_Items listed in a dataset_
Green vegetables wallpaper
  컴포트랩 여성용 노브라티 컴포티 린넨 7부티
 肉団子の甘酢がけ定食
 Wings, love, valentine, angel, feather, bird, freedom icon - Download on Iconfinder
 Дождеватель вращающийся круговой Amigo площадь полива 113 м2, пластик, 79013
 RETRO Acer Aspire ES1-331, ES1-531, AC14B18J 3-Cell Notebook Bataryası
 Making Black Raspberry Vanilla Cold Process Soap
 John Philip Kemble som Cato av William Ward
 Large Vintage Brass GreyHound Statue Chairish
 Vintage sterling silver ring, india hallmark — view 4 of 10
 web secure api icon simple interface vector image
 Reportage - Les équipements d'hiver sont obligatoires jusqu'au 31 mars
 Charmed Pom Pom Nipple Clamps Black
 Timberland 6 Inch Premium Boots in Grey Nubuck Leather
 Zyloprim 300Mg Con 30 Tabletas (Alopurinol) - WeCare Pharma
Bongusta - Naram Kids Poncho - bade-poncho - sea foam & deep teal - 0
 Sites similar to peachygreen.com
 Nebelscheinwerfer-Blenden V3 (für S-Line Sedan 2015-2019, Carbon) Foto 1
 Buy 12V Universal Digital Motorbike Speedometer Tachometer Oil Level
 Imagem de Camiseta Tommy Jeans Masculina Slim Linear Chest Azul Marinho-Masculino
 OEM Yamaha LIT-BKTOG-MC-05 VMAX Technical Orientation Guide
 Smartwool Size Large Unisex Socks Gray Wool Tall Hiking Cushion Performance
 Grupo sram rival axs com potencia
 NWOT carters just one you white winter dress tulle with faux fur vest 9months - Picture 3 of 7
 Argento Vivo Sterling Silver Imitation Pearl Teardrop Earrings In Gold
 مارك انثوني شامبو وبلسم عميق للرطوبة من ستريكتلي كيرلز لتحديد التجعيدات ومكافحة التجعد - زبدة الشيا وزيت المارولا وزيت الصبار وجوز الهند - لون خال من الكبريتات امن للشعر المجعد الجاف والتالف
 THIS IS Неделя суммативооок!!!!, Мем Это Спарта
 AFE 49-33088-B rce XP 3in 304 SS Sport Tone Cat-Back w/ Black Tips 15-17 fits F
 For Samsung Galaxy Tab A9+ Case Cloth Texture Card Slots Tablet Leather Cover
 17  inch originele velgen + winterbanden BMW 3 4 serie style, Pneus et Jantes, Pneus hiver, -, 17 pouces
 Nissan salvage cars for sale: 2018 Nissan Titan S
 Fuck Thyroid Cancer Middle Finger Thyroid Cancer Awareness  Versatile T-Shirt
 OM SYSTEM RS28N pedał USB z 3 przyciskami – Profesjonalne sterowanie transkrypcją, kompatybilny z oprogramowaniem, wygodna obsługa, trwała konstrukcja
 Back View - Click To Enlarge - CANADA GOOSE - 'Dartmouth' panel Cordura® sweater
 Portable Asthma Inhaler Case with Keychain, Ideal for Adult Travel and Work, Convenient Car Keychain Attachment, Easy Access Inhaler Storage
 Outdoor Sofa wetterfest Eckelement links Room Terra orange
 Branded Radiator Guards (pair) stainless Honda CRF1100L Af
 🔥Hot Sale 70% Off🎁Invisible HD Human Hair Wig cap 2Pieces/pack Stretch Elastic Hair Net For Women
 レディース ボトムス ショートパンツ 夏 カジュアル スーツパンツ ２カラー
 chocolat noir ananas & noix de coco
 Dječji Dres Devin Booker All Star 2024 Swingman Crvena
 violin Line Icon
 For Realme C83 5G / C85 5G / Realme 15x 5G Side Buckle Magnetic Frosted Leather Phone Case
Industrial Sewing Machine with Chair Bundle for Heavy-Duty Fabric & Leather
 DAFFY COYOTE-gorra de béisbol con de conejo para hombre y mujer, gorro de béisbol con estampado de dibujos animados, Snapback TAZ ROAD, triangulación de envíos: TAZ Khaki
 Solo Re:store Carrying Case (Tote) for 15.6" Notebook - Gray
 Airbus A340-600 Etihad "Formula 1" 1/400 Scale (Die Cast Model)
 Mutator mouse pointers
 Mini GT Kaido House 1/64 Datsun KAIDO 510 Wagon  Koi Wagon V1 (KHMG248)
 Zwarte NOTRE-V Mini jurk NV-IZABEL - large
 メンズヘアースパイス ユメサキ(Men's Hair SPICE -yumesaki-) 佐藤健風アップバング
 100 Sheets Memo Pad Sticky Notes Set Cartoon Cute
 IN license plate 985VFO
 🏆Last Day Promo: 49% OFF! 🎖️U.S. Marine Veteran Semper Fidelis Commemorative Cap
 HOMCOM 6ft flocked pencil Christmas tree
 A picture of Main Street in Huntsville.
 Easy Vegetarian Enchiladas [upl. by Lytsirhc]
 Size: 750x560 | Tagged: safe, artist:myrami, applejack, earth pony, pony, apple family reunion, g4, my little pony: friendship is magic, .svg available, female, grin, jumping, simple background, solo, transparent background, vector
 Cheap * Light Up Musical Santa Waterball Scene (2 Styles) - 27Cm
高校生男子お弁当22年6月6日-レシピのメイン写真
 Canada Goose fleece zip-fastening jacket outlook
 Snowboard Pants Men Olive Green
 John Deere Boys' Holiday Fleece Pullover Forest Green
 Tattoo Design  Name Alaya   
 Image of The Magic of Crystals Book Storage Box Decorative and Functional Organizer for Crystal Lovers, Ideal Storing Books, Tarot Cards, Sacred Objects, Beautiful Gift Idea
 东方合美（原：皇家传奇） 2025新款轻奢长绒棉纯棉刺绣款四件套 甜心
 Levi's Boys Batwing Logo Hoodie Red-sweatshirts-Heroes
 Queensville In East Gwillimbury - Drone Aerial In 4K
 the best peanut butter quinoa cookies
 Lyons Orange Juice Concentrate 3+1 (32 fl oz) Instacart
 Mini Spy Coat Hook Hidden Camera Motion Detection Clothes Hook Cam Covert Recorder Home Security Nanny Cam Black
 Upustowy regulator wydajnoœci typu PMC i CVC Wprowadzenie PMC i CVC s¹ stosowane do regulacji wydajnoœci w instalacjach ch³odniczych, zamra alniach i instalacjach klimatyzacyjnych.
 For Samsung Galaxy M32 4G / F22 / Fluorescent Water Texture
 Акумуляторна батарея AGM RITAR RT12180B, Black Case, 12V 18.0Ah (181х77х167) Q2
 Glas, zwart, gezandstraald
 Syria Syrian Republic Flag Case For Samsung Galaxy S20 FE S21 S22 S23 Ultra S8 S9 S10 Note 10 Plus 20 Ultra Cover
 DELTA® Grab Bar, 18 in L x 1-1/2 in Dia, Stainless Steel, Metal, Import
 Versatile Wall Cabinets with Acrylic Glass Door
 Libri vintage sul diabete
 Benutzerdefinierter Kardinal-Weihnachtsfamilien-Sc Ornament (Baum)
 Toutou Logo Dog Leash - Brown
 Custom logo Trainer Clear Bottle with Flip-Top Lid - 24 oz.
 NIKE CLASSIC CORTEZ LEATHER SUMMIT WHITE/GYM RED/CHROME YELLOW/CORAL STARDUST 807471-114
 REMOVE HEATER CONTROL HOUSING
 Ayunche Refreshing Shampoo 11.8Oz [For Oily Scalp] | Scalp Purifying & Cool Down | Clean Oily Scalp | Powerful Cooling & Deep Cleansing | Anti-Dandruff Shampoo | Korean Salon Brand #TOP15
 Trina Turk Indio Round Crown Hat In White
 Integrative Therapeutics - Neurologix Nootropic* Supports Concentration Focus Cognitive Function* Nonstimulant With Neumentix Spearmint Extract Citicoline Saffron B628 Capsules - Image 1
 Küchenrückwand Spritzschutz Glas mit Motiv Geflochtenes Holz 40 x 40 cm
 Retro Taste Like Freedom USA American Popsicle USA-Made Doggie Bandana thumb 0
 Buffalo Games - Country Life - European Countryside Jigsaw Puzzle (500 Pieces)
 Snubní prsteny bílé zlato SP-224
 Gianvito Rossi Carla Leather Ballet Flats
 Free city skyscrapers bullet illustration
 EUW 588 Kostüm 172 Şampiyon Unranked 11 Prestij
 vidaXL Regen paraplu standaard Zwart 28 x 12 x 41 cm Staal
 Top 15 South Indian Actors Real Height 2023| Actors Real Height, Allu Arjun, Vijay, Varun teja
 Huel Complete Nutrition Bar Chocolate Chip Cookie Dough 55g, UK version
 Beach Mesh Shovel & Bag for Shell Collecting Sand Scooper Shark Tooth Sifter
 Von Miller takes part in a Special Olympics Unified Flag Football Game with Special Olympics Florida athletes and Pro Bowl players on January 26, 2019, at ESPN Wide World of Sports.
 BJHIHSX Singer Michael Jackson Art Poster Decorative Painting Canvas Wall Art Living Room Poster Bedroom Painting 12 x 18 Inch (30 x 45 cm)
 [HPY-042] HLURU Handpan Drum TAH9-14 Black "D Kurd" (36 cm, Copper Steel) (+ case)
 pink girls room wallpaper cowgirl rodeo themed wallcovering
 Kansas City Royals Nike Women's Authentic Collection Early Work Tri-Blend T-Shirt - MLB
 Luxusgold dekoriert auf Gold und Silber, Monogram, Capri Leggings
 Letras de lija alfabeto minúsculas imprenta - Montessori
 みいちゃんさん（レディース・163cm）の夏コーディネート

_Required work_
What you give back should be exactly the lines of the data above from the line with "Reportage - Les" through the line with "Nebelscheinwerfer-Blenden V3 (für", both of those included, and nothing more.

_Your response_
 Reportage - Les équipements d'hiver sont obligatoires jusqu'au 31 mars
 Charmed Pom Pom Nipple Clamps Black
 Timberland 6 Inch Premium Boots in Grey Nubuck Leather
 Zyloprim 300Mg Con 30 Tabletas (Alopurinol) - WeCare Pharma
Bongusta - Naram Kids Poncho - bade-poncho - sea foam & deep teal - 0
 Sites similar to peachygreen.com
 Nebelscheinwerfer-Blenden V3 (für S-Line Sedan 2015-2019, Carbon) Foto 1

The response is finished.